By luck the wound was superficial. The man holding the smoking gun would be Guevara. Jimmy Hendrix died young being a rock a roll star, but the criteria for his status as an icon was how he played the guitar.
Ernesto Guevara the Latin-American, who believed women as intellectually inferior and homosexuals as despicable. Ernesto Guevara the militant, directly responsible for the execution of dozens of Batista loyalists and advocate of nuclear confrontation during the Cuban Missile Crisis.
Towards the end of the Cuban war, the Guerillas executed the first traitor in their ranks. Even byhaving achieved more then most consider imaginable in pursuing an honorable cause, an unhealthy and revered Guevara gave up his comfortable position to once again fight for liberation — just as he had given up his comfortable middle-class roots to fight for Cuba.
Though the rebellion failed and Guevara was forced to withdraw, by he left to lead another revolution in Bolivia.
By contrast, Guevara was more secure in his heritage. His legacy is one of exploring, learning and endlessly pursuing the improvement of this world through genuine and practical means — a policy of action sadly redundant in the world today. This time, he traveled in disguise to Africa, assembling troops to fight in the Kinshasa rebellion in the Congo.Was Ernesto Guevara Deserved Of His Iconic Status - Assignment Example On In Assignment Sample Aged twenty-four, Ernesto Guevara pens a regular letter home to Rosario, Argentina from his flat in Mexico.
The Big Question: Who was Che Guevara, and does he deserve his iconic status? The Independent US. Maybe it's because of the famous picture of Ernesto "Che" Guevara, snapped by Alberto.
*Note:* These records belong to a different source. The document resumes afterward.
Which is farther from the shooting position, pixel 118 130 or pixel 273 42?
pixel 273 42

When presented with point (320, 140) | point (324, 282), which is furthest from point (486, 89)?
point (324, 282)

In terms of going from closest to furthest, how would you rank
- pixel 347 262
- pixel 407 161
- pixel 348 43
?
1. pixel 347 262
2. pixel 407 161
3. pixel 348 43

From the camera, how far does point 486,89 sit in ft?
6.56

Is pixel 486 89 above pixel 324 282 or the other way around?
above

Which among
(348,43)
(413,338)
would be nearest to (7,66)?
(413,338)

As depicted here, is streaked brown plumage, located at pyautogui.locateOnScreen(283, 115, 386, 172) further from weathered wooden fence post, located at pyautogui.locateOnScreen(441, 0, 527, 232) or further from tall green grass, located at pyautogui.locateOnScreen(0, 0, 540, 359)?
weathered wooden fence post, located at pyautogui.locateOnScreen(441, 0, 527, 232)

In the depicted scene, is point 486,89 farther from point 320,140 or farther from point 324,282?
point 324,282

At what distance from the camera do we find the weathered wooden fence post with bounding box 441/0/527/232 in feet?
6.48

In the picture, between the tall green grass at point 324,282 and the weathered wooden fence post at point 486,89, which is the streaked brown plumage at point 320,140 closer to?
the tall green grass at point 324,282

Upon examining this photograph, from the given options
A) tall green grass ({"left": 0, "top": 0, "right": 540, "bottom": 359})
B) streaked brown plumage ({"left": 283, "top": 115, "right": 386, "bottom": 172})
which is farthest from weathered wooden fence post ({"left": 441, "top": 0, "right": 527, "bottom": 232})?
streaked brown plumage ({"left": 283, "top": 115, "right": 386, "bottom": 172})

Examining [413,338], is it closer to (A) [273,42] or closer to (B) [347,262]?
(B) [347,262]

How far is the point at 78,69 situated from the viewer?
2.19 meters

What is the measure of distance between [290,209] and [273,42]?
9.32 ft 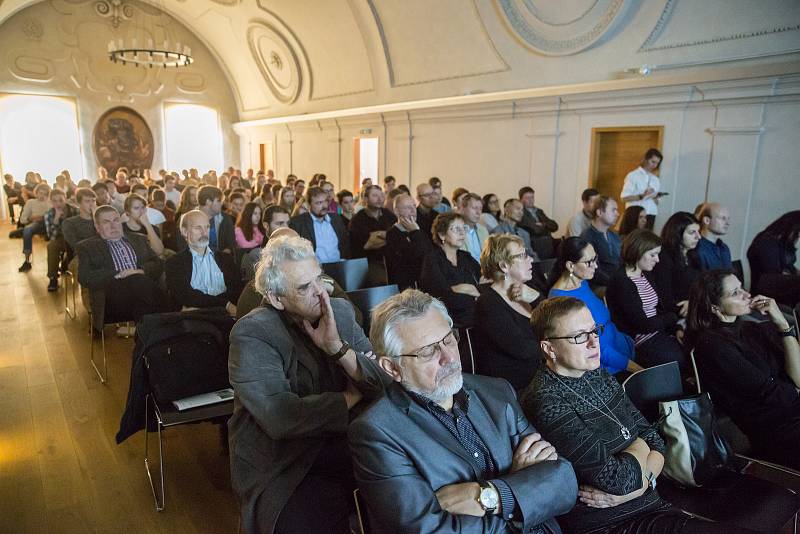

Free Essay: Ernesto Guevara Iconic Status Aged twenty-four, Ernesto Guevara pens a regular letter home to Rosario, Argentina from his flat in Mexico. It. Ernesto Guevara Iconic Status Essay Words | 11 Pages. Ernesto Guevara Iconic Status Aged twenty-four, Ernesto Guevara pens a regular letter home to Rosario, Argentina from his flat in Mexico.
Guevara’s Revolutionary Involvement from Ernesto Guevara, born in in Rosario, Argentina, was not born poor. He lived in middle-class comfort, attending school on a regular basis and participating in athletics and extra-curricular activities that he could take advantage of due to his middle-class status.